● **AVAILABLE DATA**
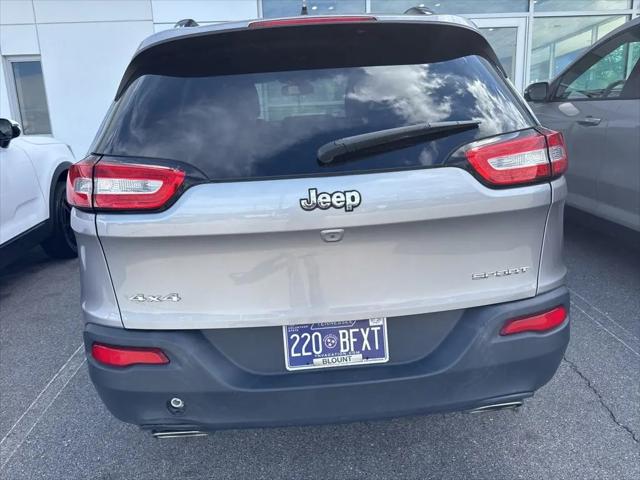2016 Jeep Cherokee Sport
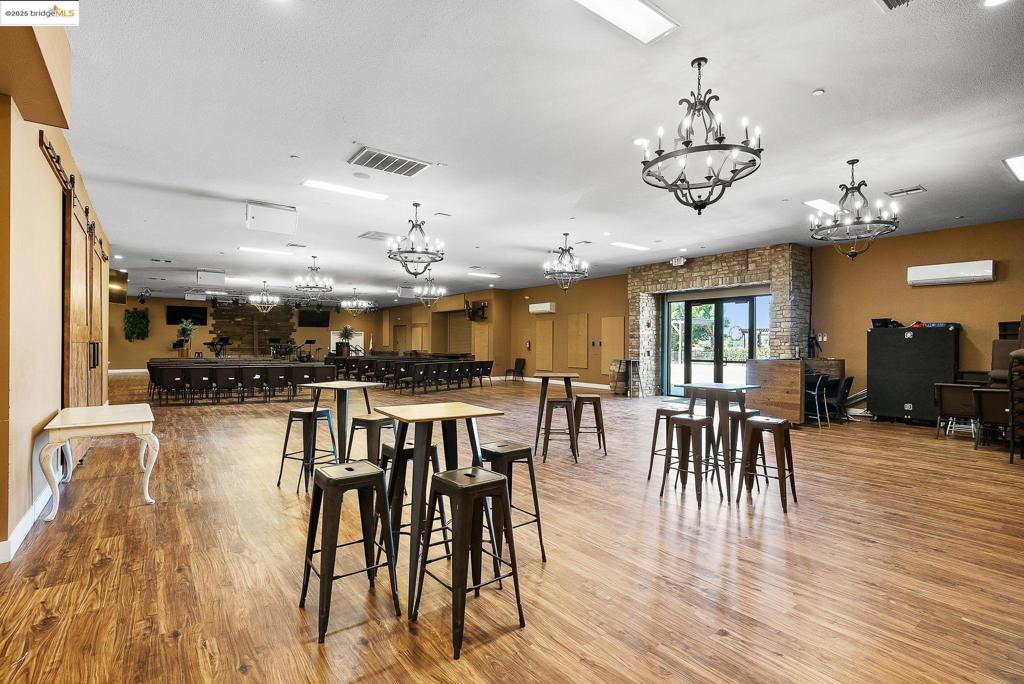 DISCOVERY  BAY - Residential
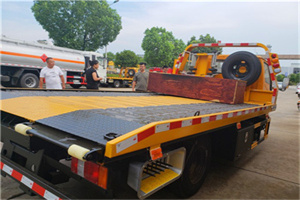 河源附近拖车电话号码服务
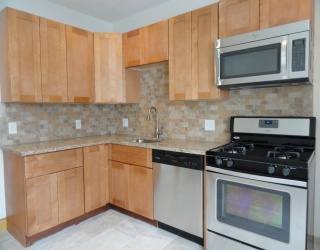 39 Paris Street, Medford, Massachusetts, 3 Bedrooms Bedrooms, 5 Rooms Rooms,1 BathroomBathrooms,Residential Lease,For Rent,Paris Street,73516196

● **TASK DIRECTIONS**
A verbatim copy of the material is needed; pictures are not to appear in it.

● **RESULT**
2016 Jeep Cherokee Sport
 DISCOVERY  BAY - Residential
 河源附近拖车电话号码服务
 39 Paris Street, Medford, Massachusetts, 3 Bedrooms Bedrooms, 5 Rooms Rooms,1 BathroomBathrooms,Residential Lease,For Rent,Paris Street,73516196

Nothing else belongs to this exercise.